Business Basics: Retention SchedulesFebruary 19, 2019
Are you in the Driver’s Seat when it Comes to the Disposal of Both Electronic and Paper Records?
You’ve done everything right. You have a retention policy, or what we call a disposal schedule, in place. When both electronic and paper records are at the end of their life cycle, they’re either destroyed or deleted.
You can sit back and relax. Or can you? Sometimes your disposal schedule can actually be a hindrance. Before we look into the how and why of this, though, we want to explain why we recommend creating and implementing a disposal schedule over a retention policy.
At BiS, we’re in business to make sure that your electronic files, as well as paper records, are controlled by you from creation to destruction. Why do we use the term disposal schedule? Because not all records have to be kept forever. If you’re our customer, we want you to concentrate on when you’re going to dispose of records, instead of focusing on how long you’re going to retain them. But that’s the same thing, isn’t it? It’s a slight change in nomenclature, but if you switch disposal for retention in your process and policies, you’re more likely to be more diligent on making sure that the right records are destroyed or deleted at the right time.

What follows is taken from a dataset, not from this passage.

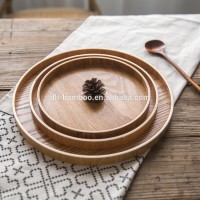 Round natural wooden cutlery serving tray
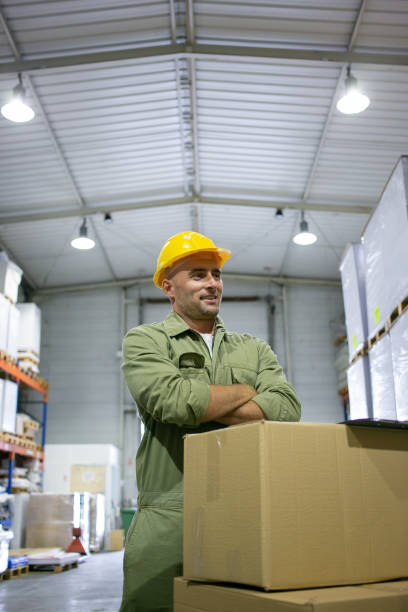 istock Positive blue collar worker in yellow hardhat and overall 1296271152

Sometimes, though, it’s necessary to put your disposal schedule on hold. In fact, not putting it on hold, could leave your company vulnerable to losing a lawsuit or an audit. This exact thing happened to a company in northern Illinois. Two employees felt they were wrongly fired from their positions and filed a lawsuit. The ex-employees lawyers filed preservation notices with the Company specifically referring to documents which would be called as evidence. The company’s retention policy destroyed the documents at the end of one year, regardless of the fact that they were requested as evidence in a federal court of law. Even though the company had followed their documented retention policy, the court still found that the company acted in bad faith in failing to prevent the data from being overwritten in their system. The court granted the ex-employees request to permit the jury to make an adverse inference against the employer based on its destruction of information related to the case. (A. Samson Pillay v. Millard Refrigerated Services, Inc., No. 09C 5725 N.D. Ill. , 2013 WL221727 N.D. Ill. May 22, 2013.) This company learned a hard, and costly, lesson.
With BiS, we do make it possible for you to be able to sit back and relax because you know you have a team of experts working to make sure you have a solid disposal schedule in place. Having your disposal schedule automated is great, but an important part of overall policy must be the ability within your records management system to put the disposal schedule on hold for any item that requires more review, or that’s involved in a lawsuit or audit. At BiS, we can do just that — quickly and easily. We make sure you’re in control of your files and electronic records from creation to destruction.